• **Description of the task**: In the copy you make of the entries, no picture should appear, and every word must match.

• **Provided data**:

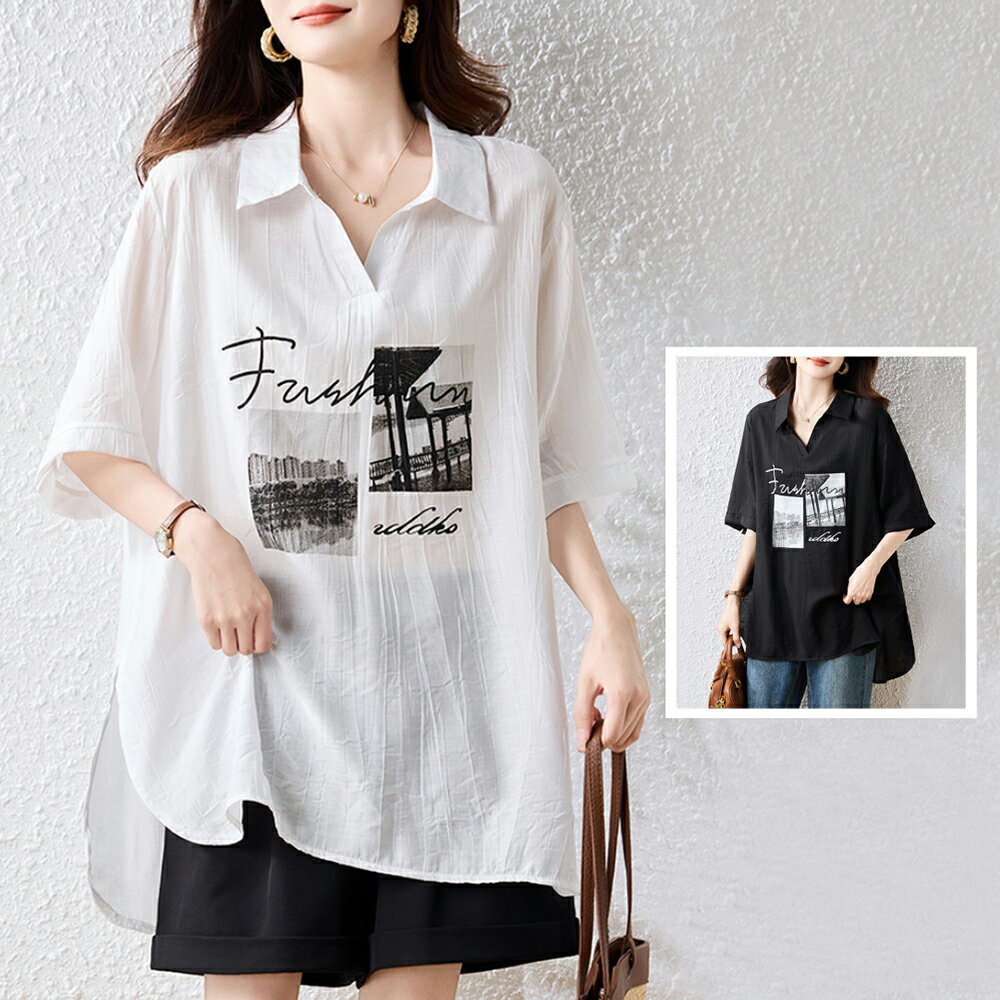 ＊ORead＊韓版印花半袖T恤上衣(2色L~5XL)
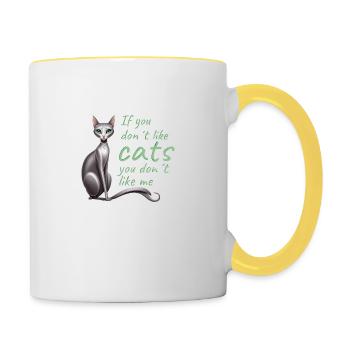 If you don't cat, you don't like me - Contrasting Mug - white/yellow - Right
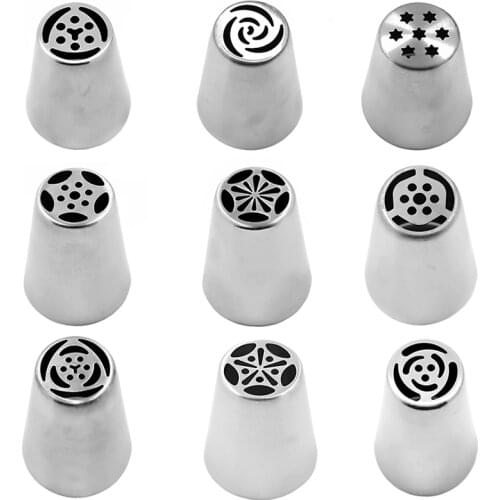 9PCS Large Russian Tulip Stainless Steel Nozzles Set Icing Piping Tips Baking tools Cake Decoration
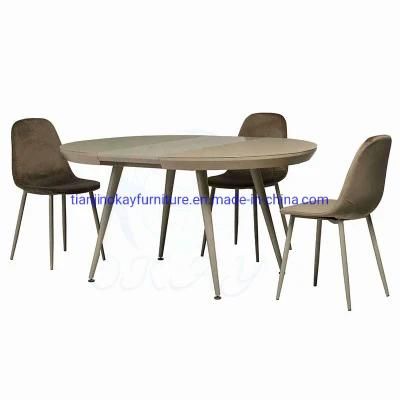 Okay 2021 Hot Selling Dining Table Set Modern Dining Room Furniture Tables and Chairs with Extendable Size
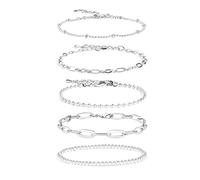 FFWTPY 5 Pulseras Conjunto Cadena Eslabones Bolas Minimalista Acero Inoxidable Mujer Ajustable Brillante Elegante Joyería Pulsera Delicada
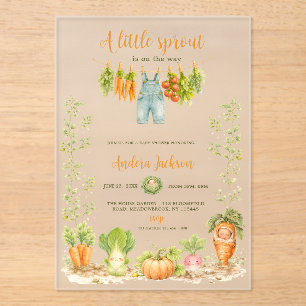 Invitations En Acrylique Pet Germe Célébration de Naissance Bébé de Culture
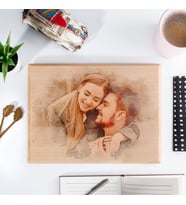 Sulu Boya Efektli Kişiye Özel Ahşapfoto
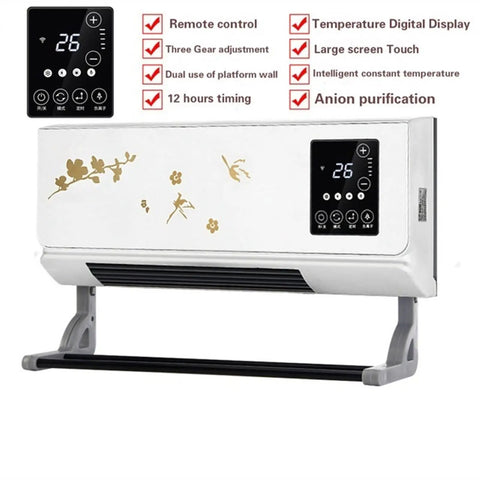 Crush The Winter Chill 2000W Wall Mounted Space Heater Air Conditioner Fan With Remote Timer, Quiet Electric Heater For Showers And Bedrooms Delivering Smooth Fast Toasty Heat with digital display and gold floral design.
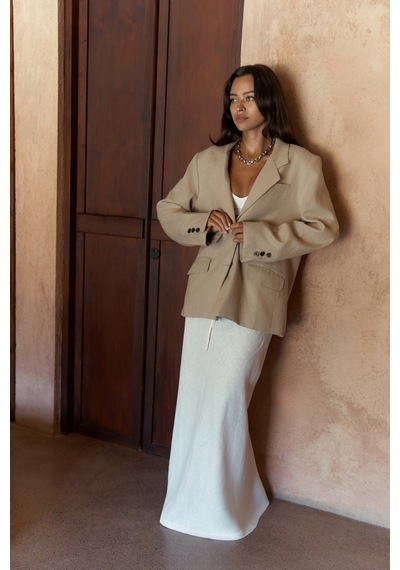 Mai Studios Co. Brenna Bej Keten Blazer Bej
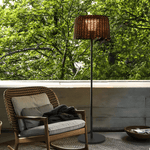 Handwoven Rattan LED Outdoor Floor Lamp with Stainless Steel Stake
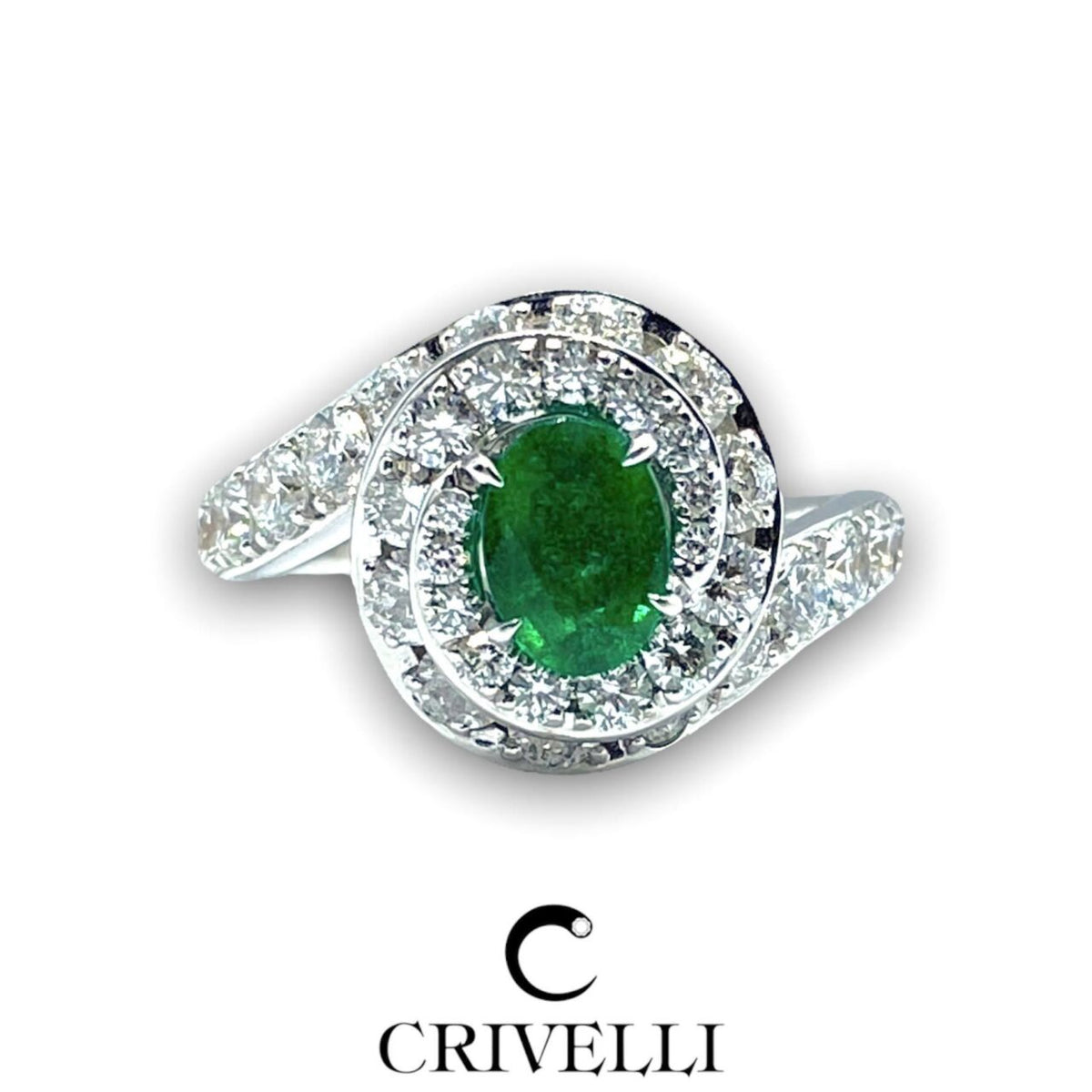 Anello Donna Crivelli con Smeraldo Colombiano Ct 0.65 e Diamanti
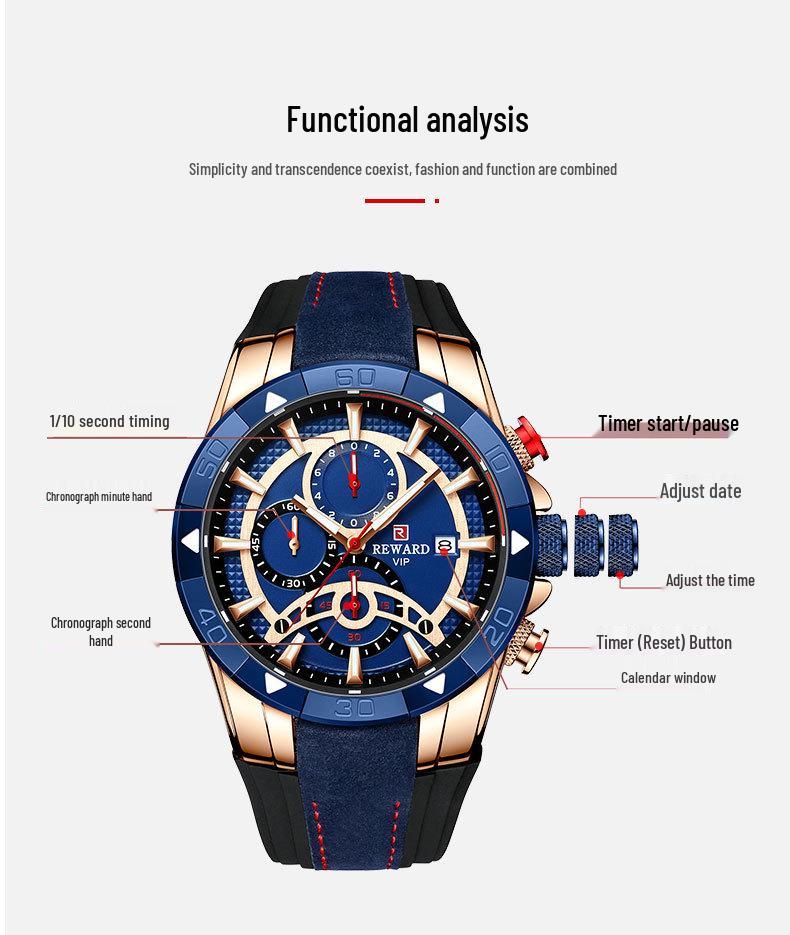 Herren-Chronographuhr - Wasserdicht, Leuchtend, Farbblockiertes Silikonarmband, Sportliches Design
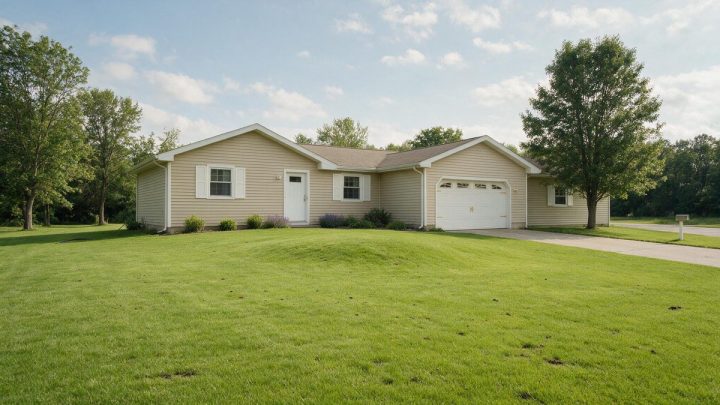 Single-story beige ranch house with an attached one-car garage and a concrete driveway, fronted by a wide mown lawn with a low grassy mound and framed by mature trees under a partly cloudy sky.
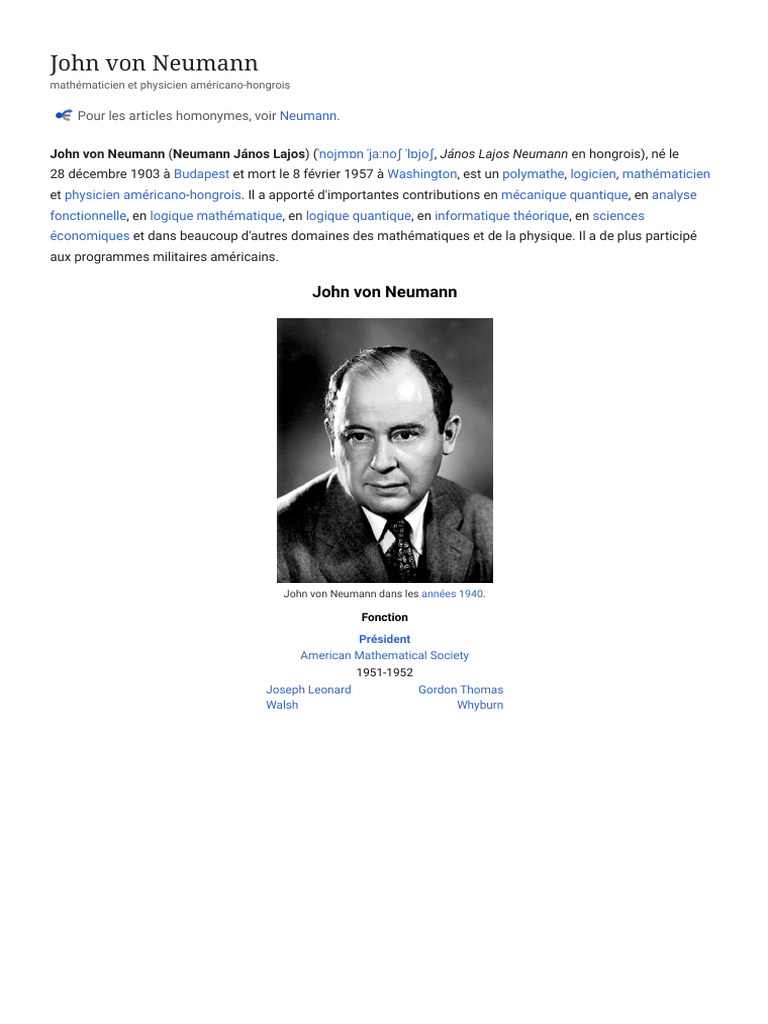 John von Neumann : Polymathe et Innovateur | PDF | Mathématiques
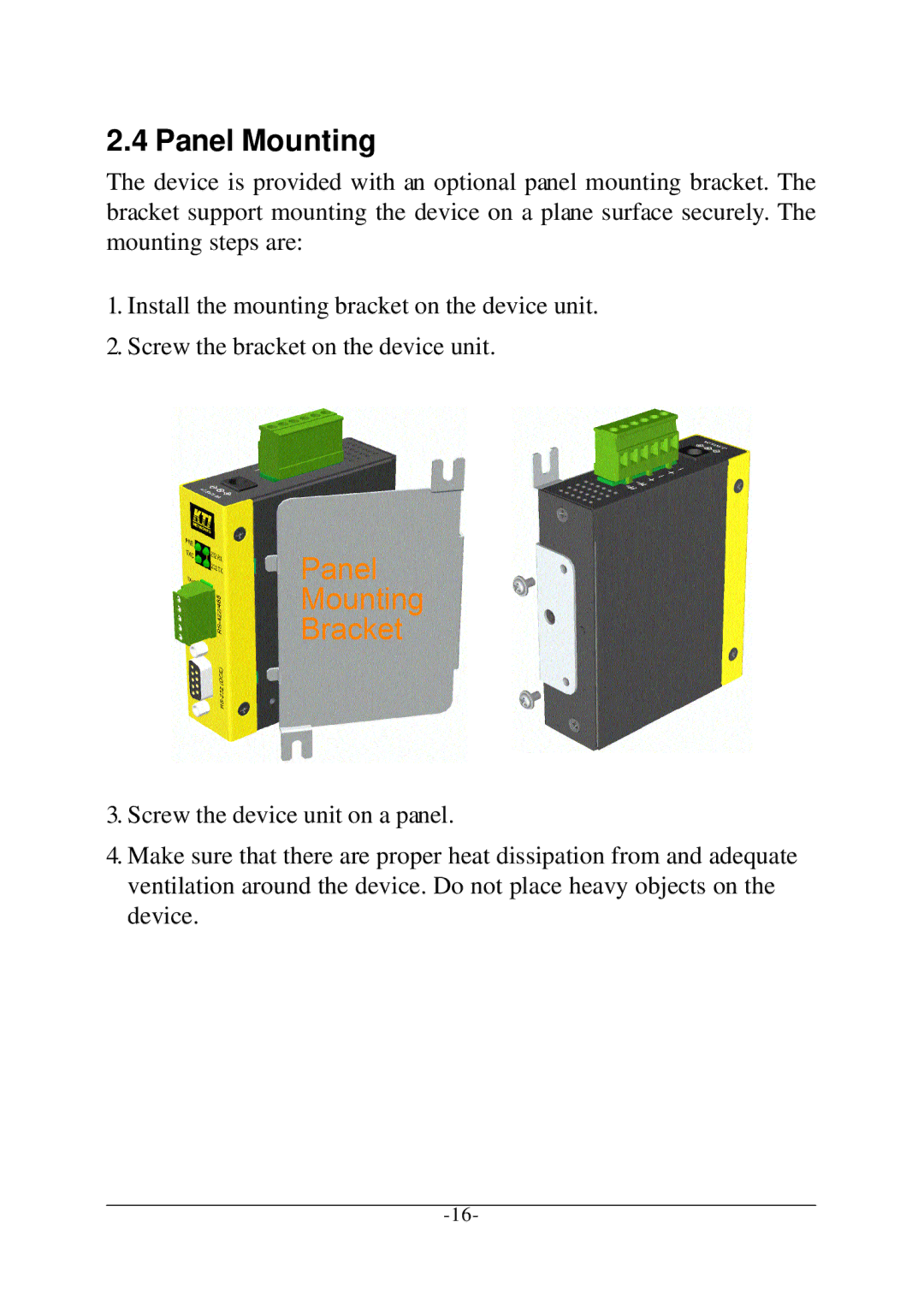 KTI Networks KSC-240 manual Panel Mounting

• **Result**:
 ＊ORead＊韓版印花半袖T恤上衣(2色L~5XL)
 If you don't cat, you don't like me - Contrasting Mug - white/yellow - Right
 9PCS Large Russian Tulip Stainless Steel Nozzles Set Icing Piping Tips Baking tools Cake Decoration
 Okay 2021 Hot Selling Dining Table Set Modern Dining Room Furniture Tables and Chairs with Extendable Size
 FFWTPY 5 Pulseras Conjunto Cadena Eslabones Bolas Minimalista Acero Inoxidable Mujer Ajustable Brillante Elegante Joyería Pulsera Delicada
 Invitations En Acrylique Pet Germe Célébration de Naissance Bébé de Culture
 Sulu Boya Efektli Kişiye Özel Ahşapfoto
 Crush The Winter Chill 2000W Wall Mounted Space Heater Air Conditioner Fan With Remote Timer, Quiet Electric Heater For Showers And Bedrooms Delivering Smooth Fast Toasty Heat with digital display and gold floral design.
 Mai Studios Co. Brenna Bej Keten Blazer Bej
 Handwoven Rattan LED Outdoor Floor Lamp with Stainless Steel Stake
 Anello Donna Crivelli con Smeraldo Colombiano Ct 0.65 e Diamanti
 Herren-Chronographuhr - Wasserdicht, Leuchtend, Farbblockiertes Silikonarmband, Sportliches Design
 Single-story beige ranch house with an attached one-car garage and a concrete driveway, fronted by a wide mown lawn with a low grassy mound and framed by mature trees under a partly cloudy sky.
 John von Neumann : Polymathe et Innovateur | PDF | Mathématiques
 KTI Networks KSC-240 manual Panel Mounting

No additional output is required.